**INSTRUCTIONS FOR THE TASK:** Would you please return the line containing "KITH（キス）KITH (キス) デニムジャケット" and all the lines after it through the end of the records below, unchanged and on their own?

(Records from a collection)
=-=-=
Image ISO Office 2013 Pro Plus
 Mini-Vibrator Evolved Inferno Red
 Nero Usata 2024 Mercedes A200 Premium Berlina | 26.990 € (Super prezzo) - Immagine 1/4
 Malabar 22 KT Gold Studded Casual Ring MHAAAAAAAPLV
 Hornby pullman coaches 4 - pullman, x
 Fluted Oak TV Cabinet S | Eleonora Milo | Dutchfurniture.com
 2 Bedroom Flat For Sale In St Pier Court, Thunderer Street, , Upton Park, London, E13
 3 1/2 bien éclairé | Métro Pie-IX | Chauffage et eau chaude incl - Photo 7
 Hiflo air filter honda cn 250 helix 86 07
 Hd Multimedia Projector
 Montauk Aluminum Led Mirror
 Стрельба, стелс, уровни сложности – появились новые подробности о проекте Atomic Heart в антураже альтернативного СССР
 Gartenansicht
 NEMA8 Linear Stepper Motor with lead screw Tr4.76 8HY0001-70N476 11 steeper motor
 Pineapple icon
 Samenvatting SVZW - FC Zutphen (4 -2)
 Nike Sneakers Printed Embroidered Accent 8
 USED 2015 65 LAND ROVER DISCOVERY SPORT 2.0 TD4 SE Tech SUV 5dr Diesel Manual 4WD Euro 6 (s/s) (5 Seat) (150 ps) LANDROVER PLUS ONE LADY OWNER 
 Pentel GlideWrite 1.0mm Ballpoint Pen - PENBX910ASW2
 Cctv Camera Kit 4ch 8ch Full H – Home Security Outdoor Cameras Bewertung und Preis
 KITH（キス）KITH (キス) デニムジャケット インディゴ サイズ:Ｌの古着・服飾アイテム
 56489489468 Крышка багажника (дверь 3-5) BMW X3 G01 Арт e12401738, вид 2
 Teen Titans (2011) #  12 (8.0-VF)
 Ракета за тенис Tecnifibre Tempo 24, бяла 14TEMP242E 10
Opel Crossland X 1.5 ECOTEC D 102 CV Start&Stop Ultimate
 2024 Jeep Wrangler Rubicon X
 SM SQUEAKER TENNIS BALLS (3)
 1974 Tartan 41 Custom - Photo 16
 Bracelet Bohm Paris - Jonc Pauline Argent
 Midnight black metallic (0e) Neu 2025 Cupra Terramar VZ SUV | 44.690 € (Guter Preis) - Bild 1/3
=-=-=
**YOUR SOLUTION:**
 KITH（キス）KITH (キス) デニムジャケット インディゴ サイズ:Ｌの古着・服飾アイテム
 56489489468 Крышка багажника (дверь 3-5) BMW X3 G01 Арт e12401738, вид 2
 Teen Titans (2011) #  12 (8.0-VF)
 Ракета за тенис Tecnifibre Tempo 24, бяла 14TEMP242E 10
Opel Crossland X 1.5 ECOTEC D 102 CV Start&Stop Ultimate
 2024 Jeep Wrangler Rubicon X
 SM SQUEAKER TENNIS BALLS (3)
 1974 Tartan 41 Custom - Photo 16
 Bracelet Bohm Paris - Jonc Pauline Argent
 Midnight black metallic (0e) Neu 2025 Cupra Terramar VZ SUV | 44.690 € (Guter Preis) - Bild 1/3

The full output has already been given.